* **TO DO**
Strip the pictures, then copy the remaining data exactly as it stands.

* **GIVEN DATA**
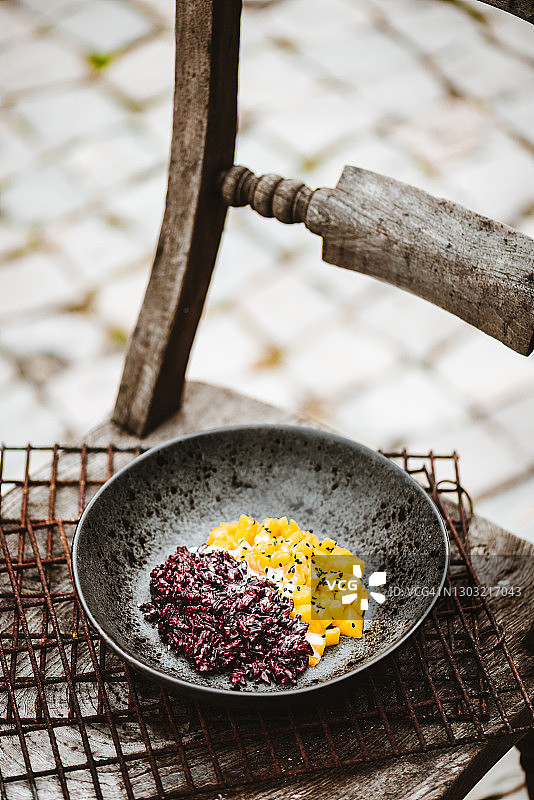 黑米芒果糯米饭图片素材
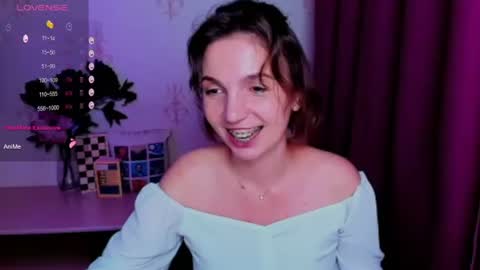 Hazel online show from July 28, 6:20 pm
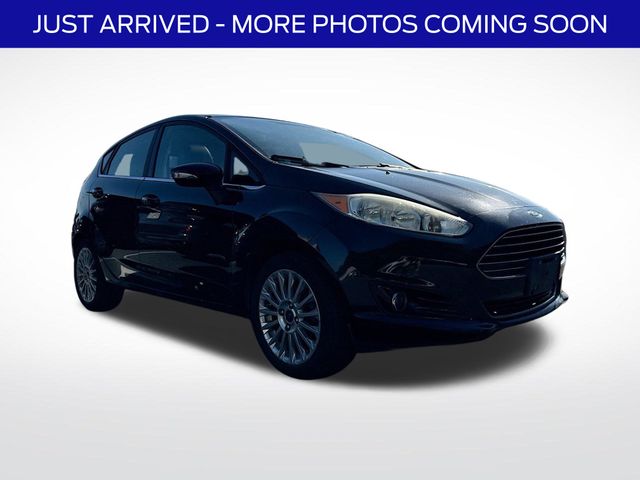 2015 Ford Fiesta Titanium Hatch's photo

* **EXERCISE RESPONSE**
 黑米芒果糯米饭图片素材
 Hazel online show from July 28, 6:20 pm
 2015 Ford Fiesta Titanium Hatch's photo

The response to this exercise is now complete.